Melalui ayat tersebut dapat diketahui bahwa ruh salat adalah ‘inna shalati wa-nusuki‘, salatku, ibadahku. Penyebutan salat dan nusuk dalam ayat tersebut bertujuan untuk membedakan bahwa salat itu adalah ibadah mahdhah, sementara nusuk adalah ibadah ghairu mahdhah. Para mufassir mengatakan kata nusuk tersebut diterjemahkan dengan insyithatu al-hayat, artinya segala aktivitas hidup kita. Contoh dari ibadah semacam ini adalah menyingkirkan duri dari jalan, membantu orang yang kesusahan, mendidik anak, berusaha, bekerja, menjenguk orang sakit, memaafkan dan sebagainya. Semua perbuatan tersebut, asalkan diniatkan karena Allah SWT dan bermanfaat bagi kepentingan umum, adalah pengabdian atau ibadah kepada Allah SWT.

Jika inti hubungan manusia dengan Allah adalah pengabdian atau ibadah, maka inti hubungan Tuhan dengan manusia adalah aturan, yaitu perintah dan larangan. Manusia diperintahkan berbuat menurut aturan yang telah ditetapkan Allah. Jika manusia menyimpang dari aturan itu, maka ia akan tercela, baik dalam kehidupan di dunia maupun di akhirat. Aturan itupun ada dua macam, pertama aturan yang dituangkan dalam bentuk hukum-hukum alam (sunnatullah) dan aturan yang dituangkan dalam kitab suci Al-Quran dan hadis Nabi Muhammad saw.

Aturan yang dituangkan dalam kitab suci Al-Quran dan hadis Nabi, misalnya tentang perintah sholat, perintah zakat, perintah puasa, perintah haji, larangan berzina, larangan mencuri, larangan meminum arak, larangan memakan daging babi, dan lain-lain. Dalam hal ini, manusia diperintahkan menaati segala perintah dan menjauhi segala larangan. Adapun aturan yang dituangkan dalam hukum alam adalah, misalnya, api itu bersifat membakar. Oleh karena itu, jika orang mau selamat, maka ia harus menjauhkan dirinya dari api. Sebagai contoh lain, benda yang berat jenisnya lebih berat dari air akan tenggelam dalam air.
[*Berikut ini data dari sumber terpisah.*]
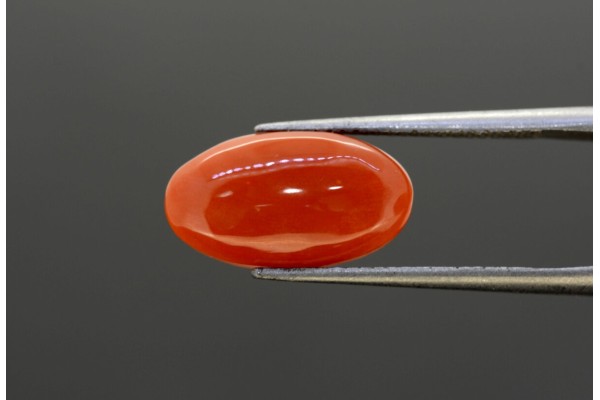3.6 cts Natural Coral (Moonga)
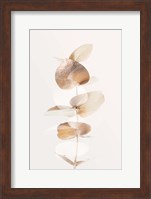 Eucalyptus Creative Gold 4 Fine Art Print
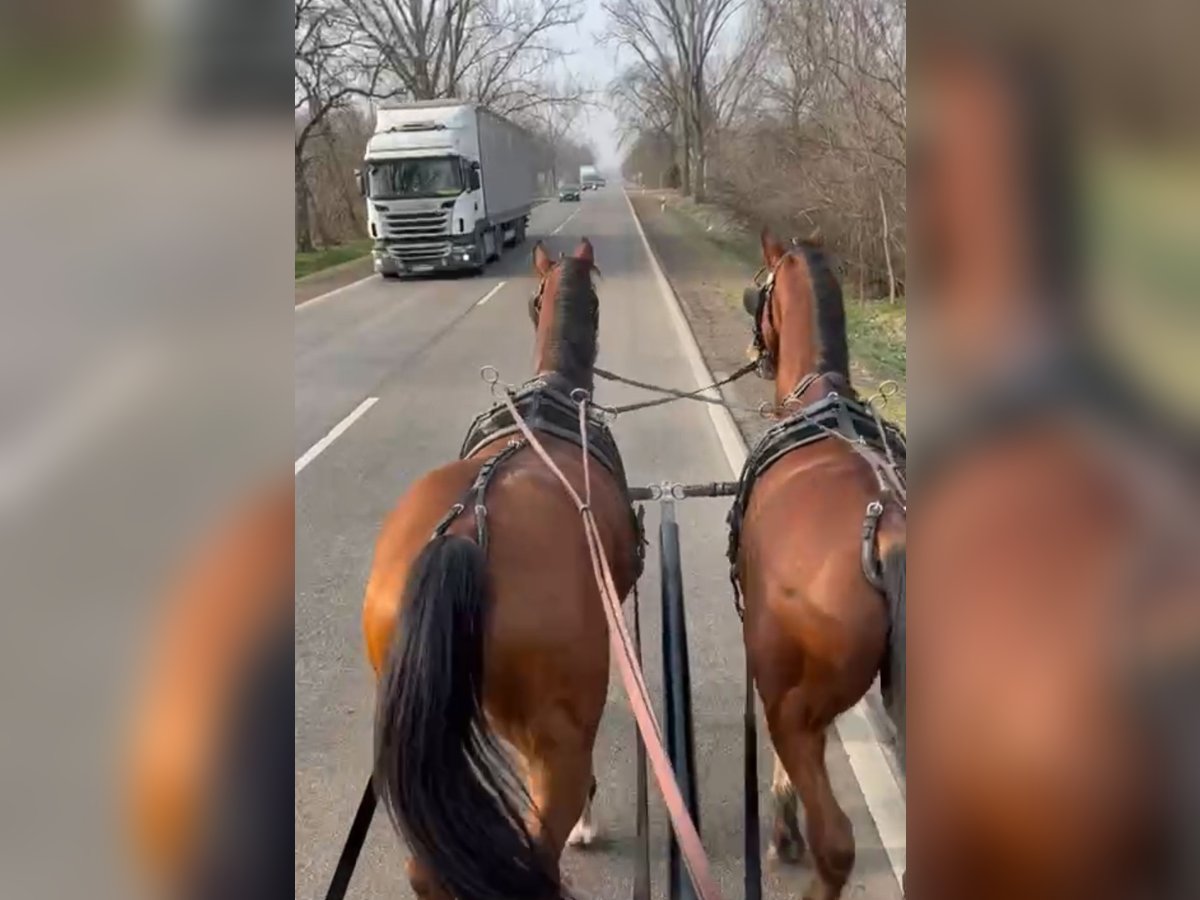 KWPN Mix Ruin 8 Jaar 164 cm Roodbruin in Jaszbereny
Dengan demikian, manusia akan celaka (tenggelam) jika masuk ke dalam air laut tanpa pelampung, sebab berat jenisnya lebih berat dari air. Demikianlah aturan yang dituangkan dalam kitab suci (āyah qur’āniyah) dan yang dituangkan dalam hukum alam (āyah kawniyah). Keduanya harus dipatuhi agar orang dapat hidup selamat dan sejahtera, baik di dunia maupun di akhirat.
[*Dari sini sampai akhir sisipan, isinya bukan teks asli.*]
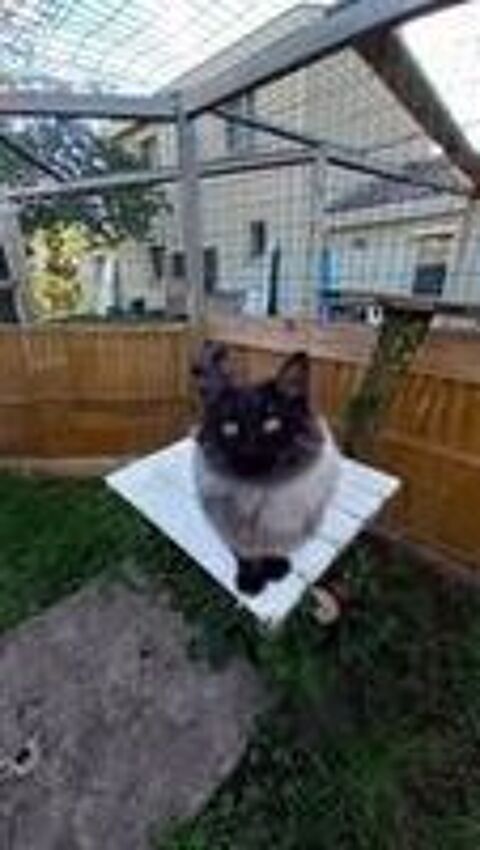   Chat MONTY  l adoption 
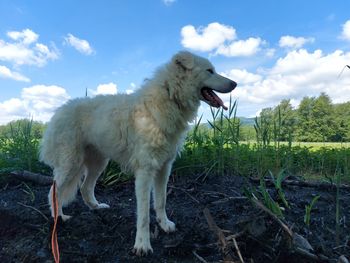 Dog standing on field against sky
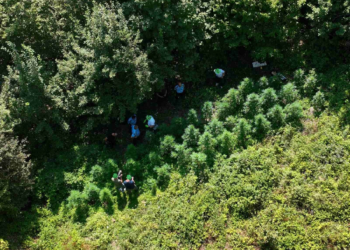 Policia aksion në Gjakovë, zbulohet një lokacion i mbjellë me kanabis në një zonë malore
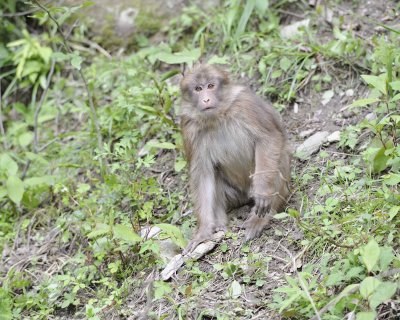 Macaque, Tibetan-051115-Tangjahe Nature Reserve, China-#0124.jpg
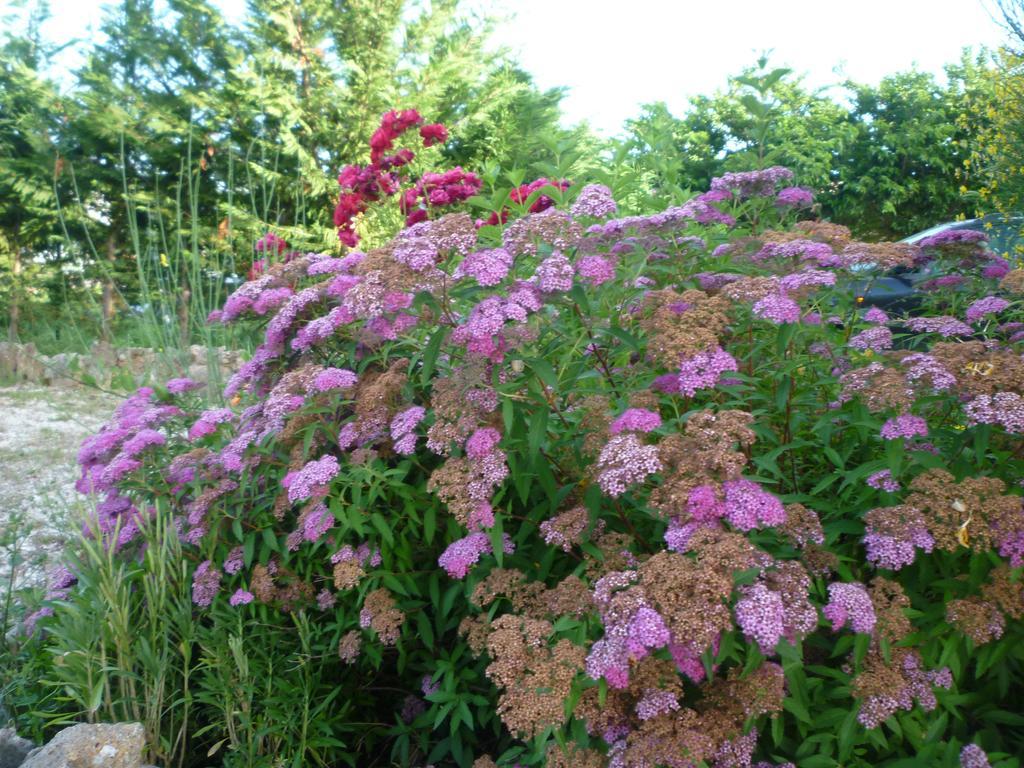 Tadinum Romana 瓜尔多塔迪诺 外观 照片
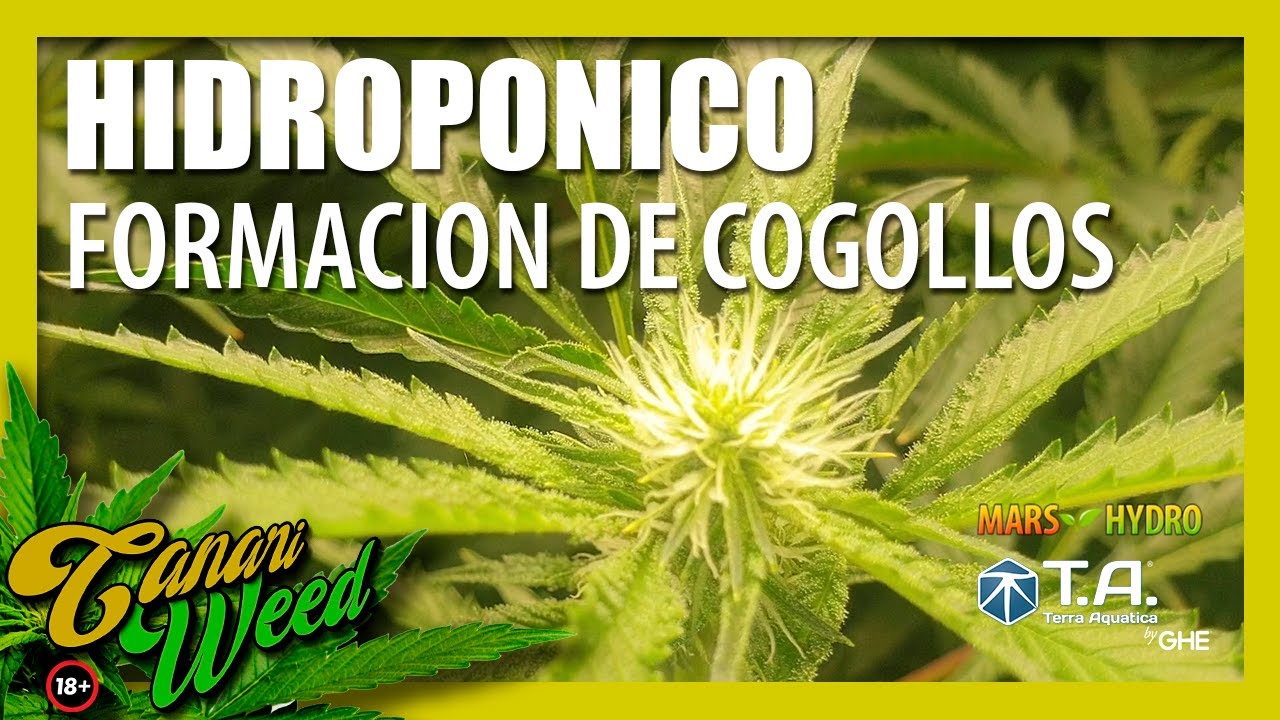 AEROPONIA FORMACION de COGOLLOS / Terra Aquatica ✔️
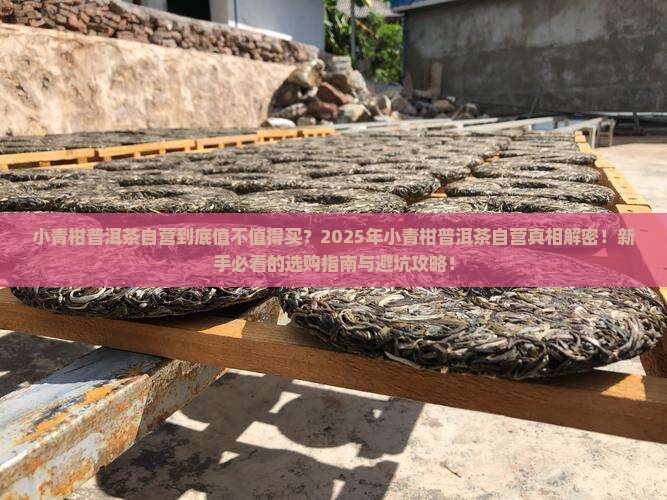 小青柑普洱茶自营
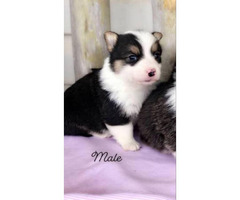 puppies corgi ckc registered tulsa oklahoma
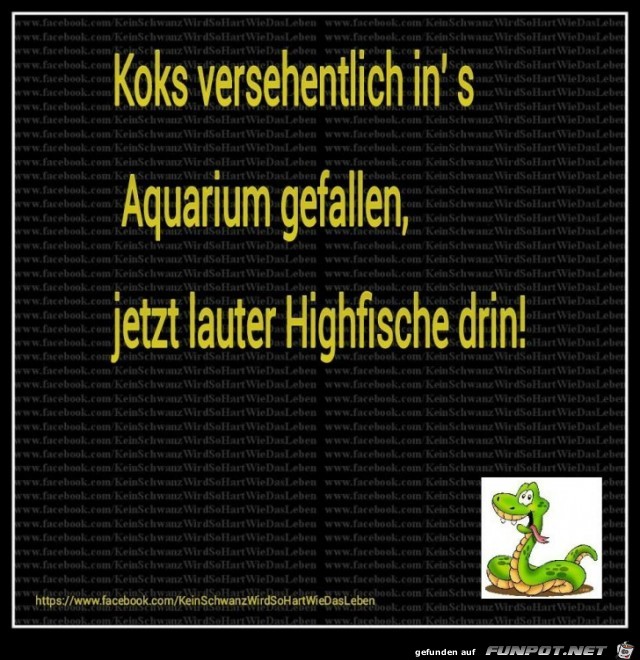 Koks versehentlich Koks versehentlich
Begitulah prinsip dasar ajaran Islam mengenai hubungan manusia dengan Tuhannya. Intinya adalah pengabdian dan penyembahan kepada Allah (ibadah). Berpegang teguh pada tali agama Allah, lebih tepatnya menyelamatkan diri dari kemunafikan. Memegang tali agama Allah berarti kesetiaan melaksanakan semua ajaran agama dan mendakwahkannya. Selalu meningkatkan amal saleh, mengikatkan hati kepada Allah, serta ikhlas dalam beribadah.